At events in Taiwan this week, Huang was mobbed by the media and fans seeking selfies with the CEO.

Nvidia retreated from the $1 trillion milestone on Wednesday, with its shares falling as much as 4 percent to $385.01. As of 12:02 p.m. in New York on Wednesday, the company’s market valuation stood at $954.9 billion.

Executives from Chinese customers including Tencent have played down concerns that U.S. chip sanctions will cripple their ability to keep pace with AI development globally. Many executives argue that they can make up for the loss of performance in part by employing more chips, though that could inflate costs.

Also on Huang’s itinerary in China are EV makers Li Auto and BYD, as well as Xiaomi, a smartphone producer that is moving into electric vehicles, one person said.

Huang has not finalized his plans and details of his visit could change, the people added.

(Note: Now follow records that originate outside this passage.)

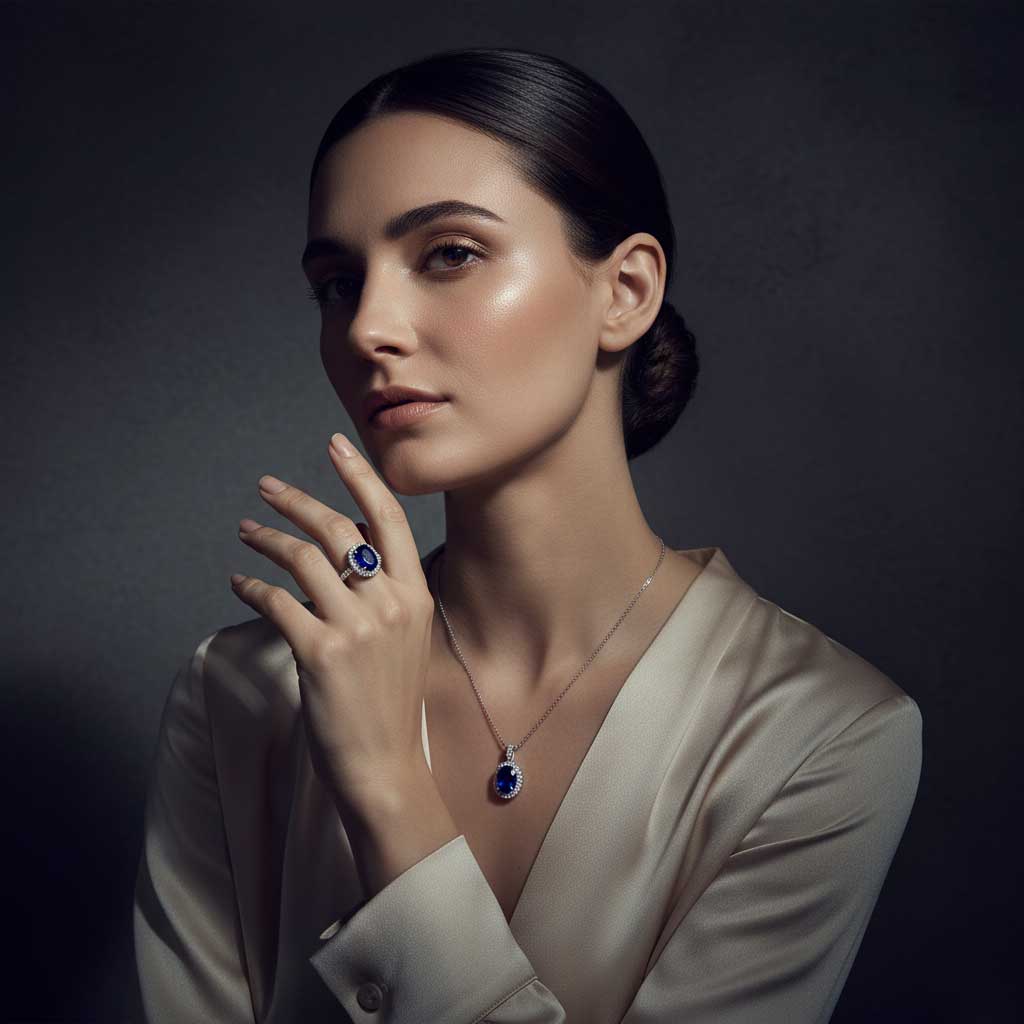 Woman wearing a irosk necklace and ring with blue gemstones against a dark background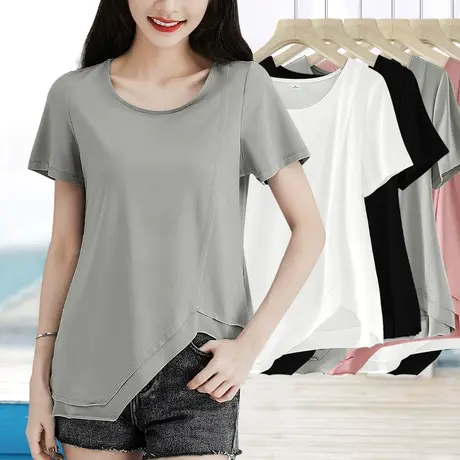 灰色不规则下摆缺口高级感小众设计圆领短袖t恤女2023新款体桖薄图片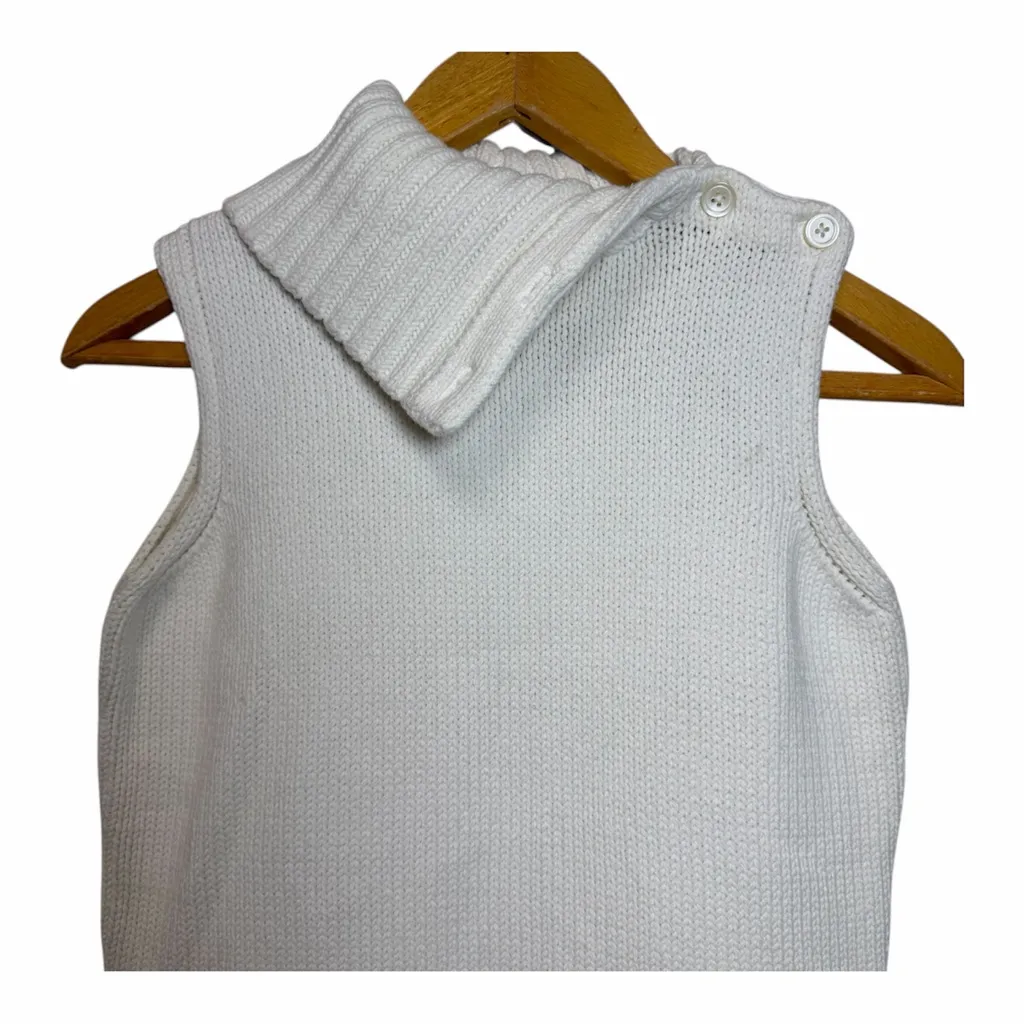 GAP VTG Sleeveless Knit Button Turtle Neck Cowl Sweater Vest Y2K White Size S - Image 3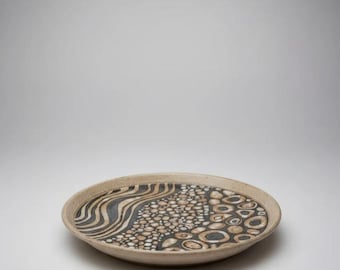 Plato Decorativo De Cerámica Gres Paula Hecho A Mano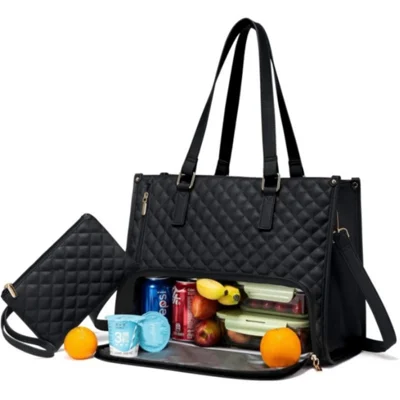 Large Capacity Lunch Handbag Insulated Leakproof Crossbody Computer Bag with Card Wallet for Travel Work School - Black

A Li Auto representative declined to comment. Spokespeople for BYD and Xiaomi did not respond to a request for comment, nor did representatives for Alibaba, Tencent and ByteDance. A Nvidia representative declined to comment.

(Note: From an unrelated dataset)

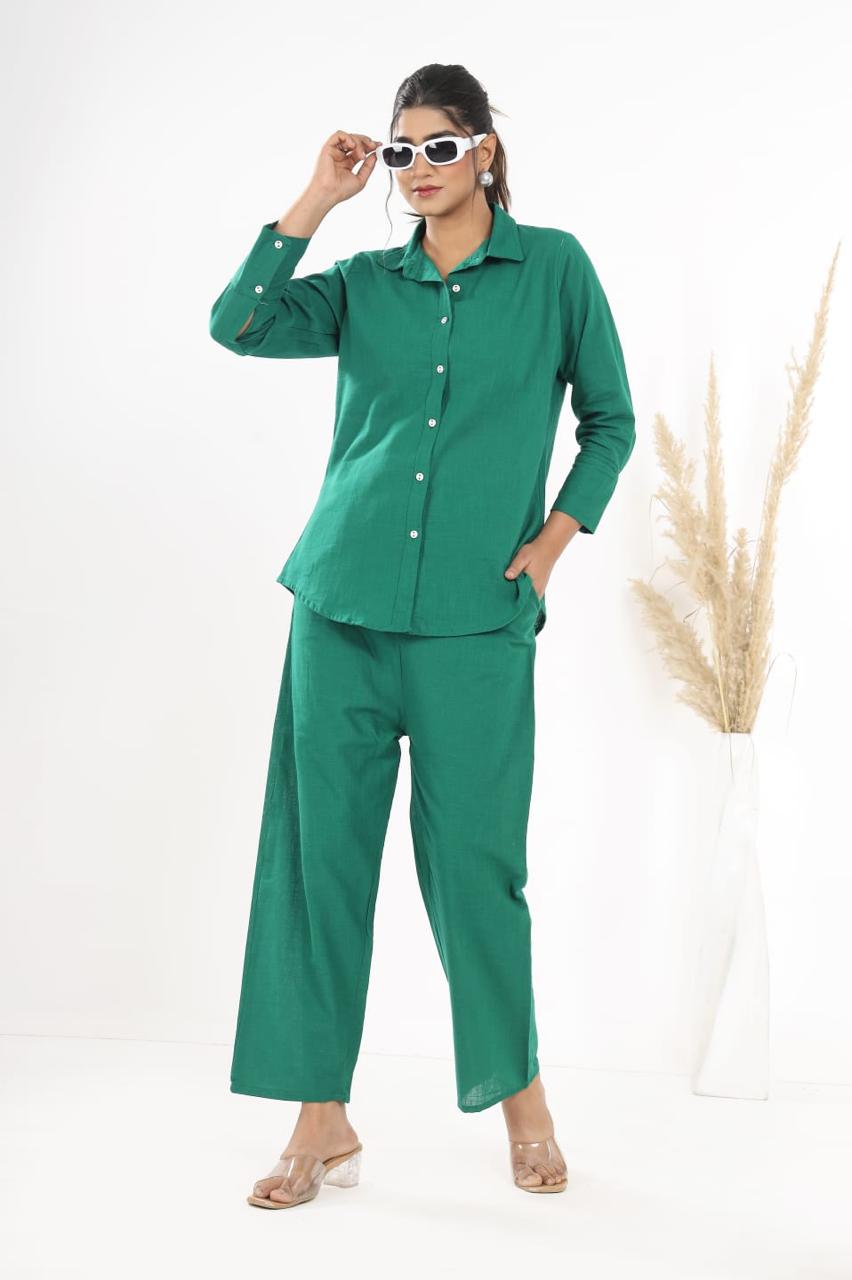 Beautiful Cotton Slub Fabric Inner Top With Opanable Shirt With Pocket Attched Pant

Nvidia was co-founded in 1993 by Huang, who still runs the company. It proved more successful than its peers at developing chips that turn computer code into the realistic images that computer gamers love and rode out a wave of consolidation that saw its rivals acquired, bankrupted or merged into larger companies.

Nvidia’s processors are now the chips of choice for training and hosting AI services, which require immense computational power to crunch data.

The company’s shares have soared since last week when it gave an AI-fueled sales forecast that shattered Wall Street’s estimates.

The stock continued to gain Tuesday after announcing several new AI-related products over the weekend that touch on everything from robotics to gaming to advertising and networking.

Huang also unveiled an AI supercomputer platform that will help tech companies create their own versions of ChatGPT.

Cathie Wood, whose flagship ARK Innovation ETF fund cut its holding in Nvidia in January, warned in a Bloomberg Television interview that the chip industry’s boom-bust cycles pose risks.

Huang unveiled a series of new AI products on Monday at the Computex trade show in Taiwan this week. The wide-ranging lineup included a new robotics design, gaming capabilities, advertising services and a networking technology.